Many other commentators have summarized the lessons Buffett teaches investors in the annual letter, so I won't repeat them here other than to draw your attention to his opinions on the tech stock bubble, including scathing critiques of "giddy participants," "shamelessly merchandising... promoters" and "bubble companies... designed more with an eye to making money off investors rather than for them." Buffett is obviously thinking it, but didn't say it, so I will: shame, shame, shame!

Buffett's thoughts aren't new, as many commentators have written post-mortems for the tech bubble, but Buffett's are the most eloquent I've read and, unlike many other commentators, he warned investors ahead of time.

I also urge you to read Buffett's writings about Aesop and his "immutable" investment axiom, "a bird in the hand is worth two in the bush." Even experienced investors can benefit from an occasional refresher course in Investing 101.

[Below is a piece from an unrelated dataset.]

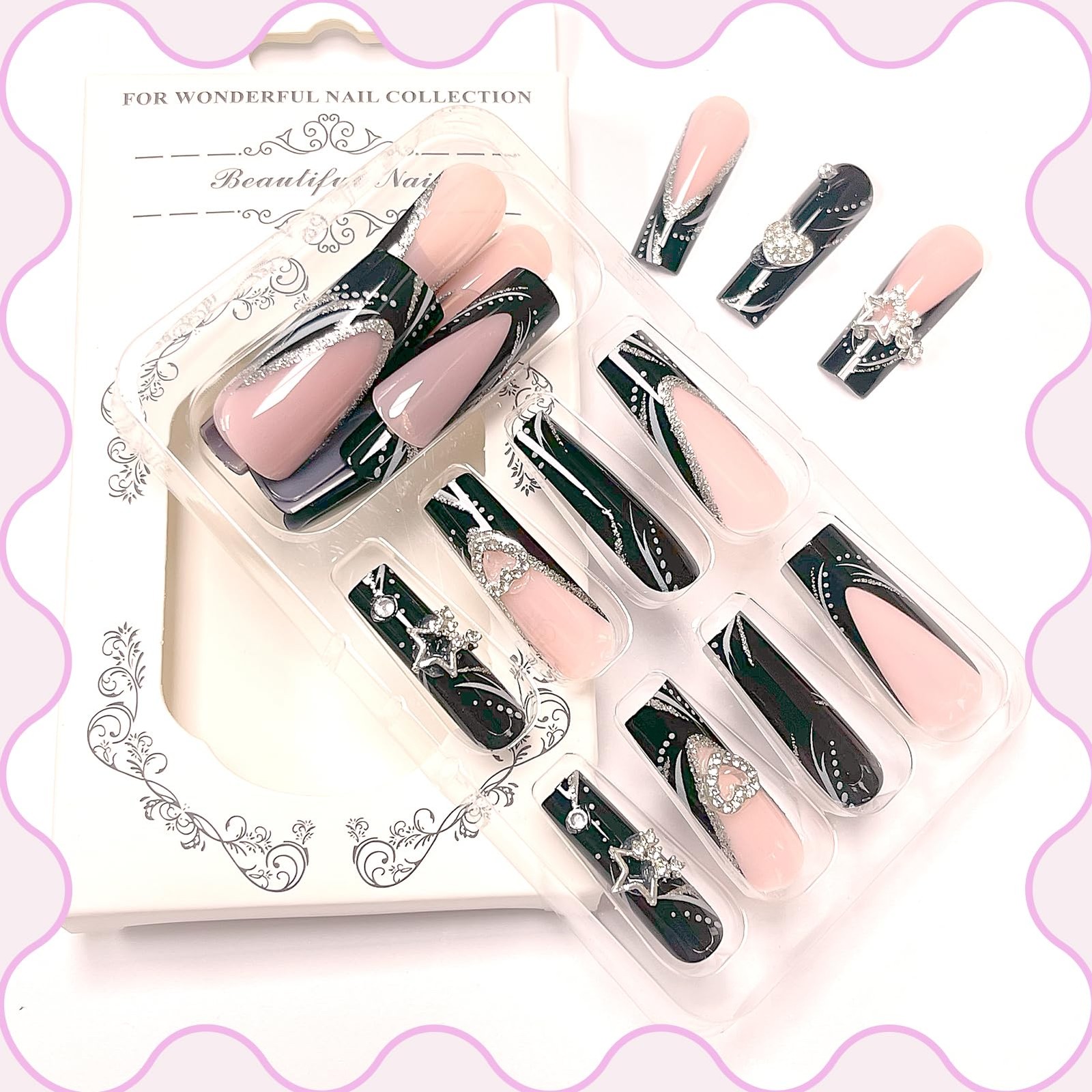 Long Press on Nails Black French Tip Long Fake Nail Coffin Press on Nails Squ…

I'd like to use the rest of this column to cover the highlights of the letter and the annual report as they apply to shareholders (I'm one).

Insurance Operations
While Buffett was his usual cautious self -- he's a master at underpromising and overdelivering -- there was plenty of good news to report. Let's start with the insurance operations, which account for the bulk of Berkshire Hathaway's business, and which have performed poorly -- along with the entire sector -- over the past couple years. Berkshire's float grew a robust 10.3% in 2000, from $25.3 billion to an enormous $27.9 billion. (If you're not familiar with float, Buffett provides an excellent explanation in his letter.)

Buffett also noted that Berkshire signed a number of large reinsurance and "retroactive" insurance contracts in 2000. The former "penalizes our current earnings but gives us float we can use for many years to come. After the loss that we incur in the first year of the policy, there are no further costs attached to this business... When these policies are properly priced, we welcome the pain-today, gain-tomorrow effects they have." In contrast, a retroactive insurance contract "neither benefits nor penalizes our current earnings." However, the expected losses "will continue for many years, often stretching into decades. As an offset, though, we have the use of float -- lots of it."

The news on GEICO is mixed. It continues to grow rapidly and expand its market share, but the number of new policies fell as GEICO's incremental spending on advertising didn't pay off, due largely to price increases by GEICO and very aggressive pricing -- to the point of causing large losses -- by the nation's largest auto insurer, State Farm. Buffett concludes that "over time it [GEICO] will inevitably increase its market share significantly while simultaneously achieving excellent profits."

To summarize, while Berkshire's cost of float was an unusually high 6% for the year, 34% of its underwriting loss was due to one-time charges for reinsurance contracts. More importantly, Buffett predicted that "absent a mega-catastrophe, we expect our float cost to fall in 2001 -- perhaps substantially -- in large part because of corrections in pricing at General Re that should increasingly be felt as the year progresses. On a smaller scale, GEICO may experience the same improving trend."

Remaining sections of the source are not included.